** Opening Recorded information block **
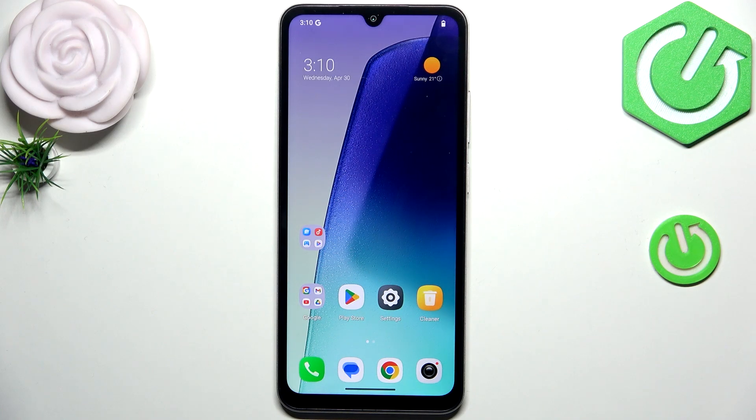Hi everyone. In front of me I've got the Redmi A5, and let me share with you how to soft reset it or actually force restart this device.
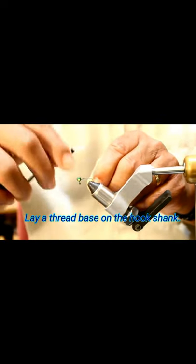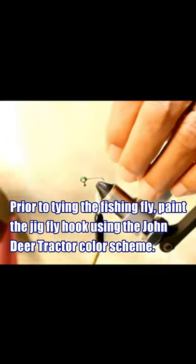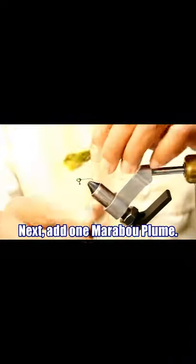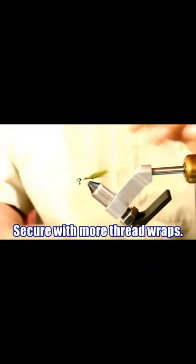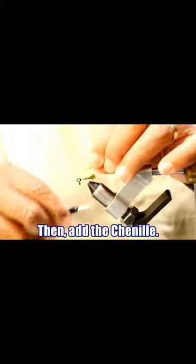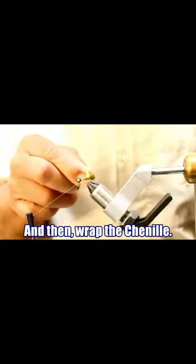We'll lay a base, take it just past perpendicular to the hook point, right where the start of the bend is. Get it on there and just pretty much secure it in place with a couple of wraps. We'll trim it, and then just past that hook bend, snip it and the chenille, and then we'll just start wrapping.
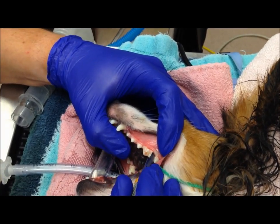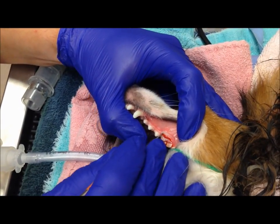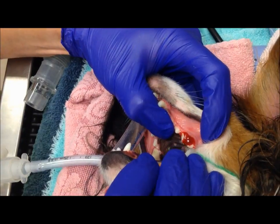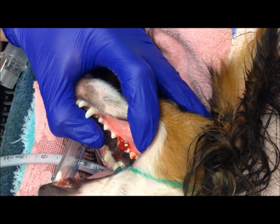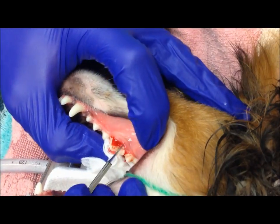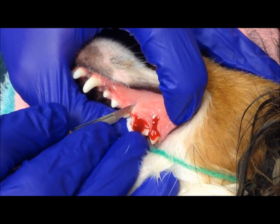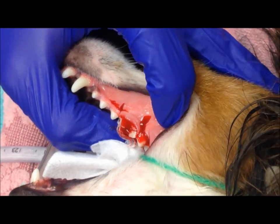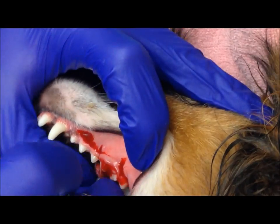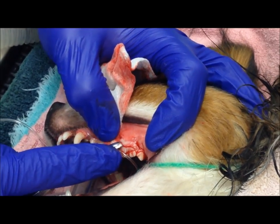I'm cutting the attachment of the gum tissue to the tooth itself with a scalpel blade. Next I'll make two incisions along the side of the tooth to make my gingival flap. Now I'll be elevating that gum tissue to make the gingival flap.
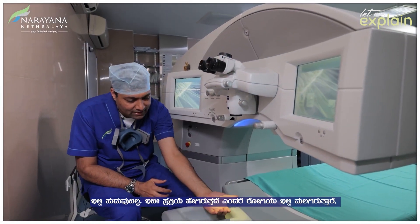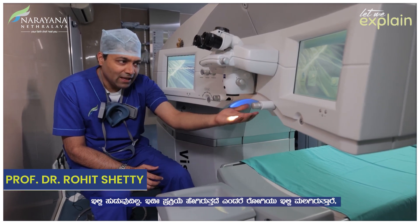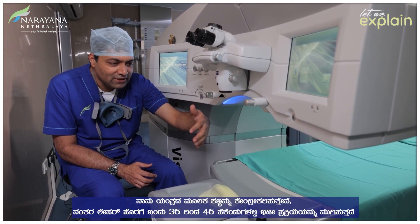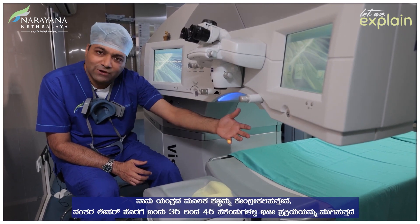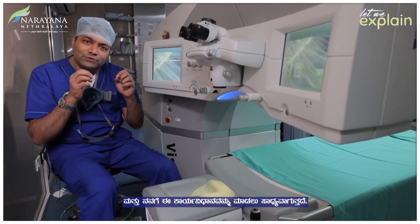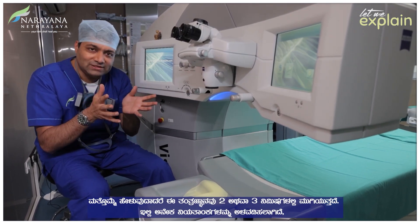The whole process involves somebody lying down here, and I focus the machine. Through this, there is a laser which comes in, and within 35 to 45 seconds the whole process is done and I am able to do the procedure. It is a technology which lasts less than 2 to 3 minutes.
** Closing Recorded information block **
The job is to return the listing above exactly, minus its pictures.

Hi everyone. In front of me I've got the Redmi A5, and let me share with you how to soft reset it or actually force restart this device.
We'll lay a base, take it just past perpendicular to the hook point, right where the start of the bend is. Get it on there and just pretty much secure it in place with a couple of wraps. We'll trim it, and then just past that hook bend, snip it and the chenille, and then we'll just start wrapping.
I'm cutting the attachment of the gum tissue to the tooth itself with a scalpel blade. Next I'll make two incisions along the side of the tooth to make my gingival flap. Now I'll be elevating that gum tissue to make the gingival flap.
The whole process involves somebody lying down here, and I focus the machine. Through this, there is a laser which comes in, and within 35 to 45 seconds the whole process is done and I am able to do the procedure. It is a technology which lasts less than 2 to 3 minutes.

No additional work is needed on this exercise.